Le chapitre III est véritablement devenu mien quand l’instituteur a adressé la parole à Romane (qui n’est pas moi, etc.).
Je ne peux pas écrire sans images.
Je les regarde pendant des heures.
Il y a celles que je trouve avant, que je scotche sur le mur sans savoir pourquoi, et celles que je trouve pendant, qui encouragent ce que j’écris. La photo de la mariée de dos, aux cheveux mi-longs, en robe blanche, suivie de fillettes à la tête recouverte de châles, à son côté un homme, que j’imagine être le père, dont la main est posée dans le dos de la jeune femme en signe de protection ou d’intimation à obéir, à gauche une femme tête nue frappe dans ses mains, tous avancent sous des feuillages. La photo du jeune soldat en tenue kaki, une arme à la main, qui pleure contre le tronc d’un arbre. À sa gauche, une maison en pierres. Est-ce sa maison familiale qu’il découvre saccagée ? Ou une maison qui ressemble à la sienne ? Que vient-il de découvrir à l’intérieur ? Une dizaine de mètres à l’arrière, un soldat l’observe, immobile. Le portrait de Viktor Fiodorovitch Khorodtchinski, né en 1913, poète, arrêté à l’âge de quinze ans, détenu au camp des îles Solovki de 1929 à 1931, fusillé en 1937 (légende de la photo).

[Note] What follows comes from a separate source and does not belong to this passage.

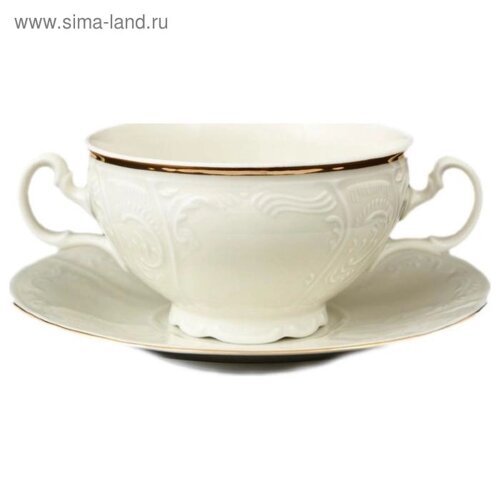 Чашка с блюдцем для бульона Bernadotte, декор «Отводка золото»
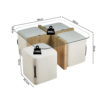 Salontafel 'Shana' met 4 poefs stof Decor Oude eik (2c) - Afbeelding 8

Quand le roman est fini j’enlève toutes les images des murs. Celle de la trilogie « Dont actes » (les deux premiers romans) sont collées dans un classeur. Quand j’aurai fini RH j’ajouterai celles-ci.
Journal du compte à rebours est un texte de passages : passage vers la période du travail proprement dit qui l’interrompra, passage vers la fin de RH, passage vers la fin de la trilogie, passage vers le nouveau texte.
Il y a une quinzaine de jours, à une personne avec qui je n’ai d’autres relations que professionnelles, distantes, rares, qui sait que je publie un roman de temps à autre, pas davantage, je me suis entendu répondre à sa question sur mes vacances : « Cet été, je finis un roman. Ensuite j’écrirai deux textes courts, ensuite un livre épais de mille pages. » À ce moment-là j’en savais apparemment plus long que moi, mais ce programme me convient.
Scène dans le métro : a rejoint la chemise (prochain) Projet romanesque provisoirement intitulé « Boucheries modernes ».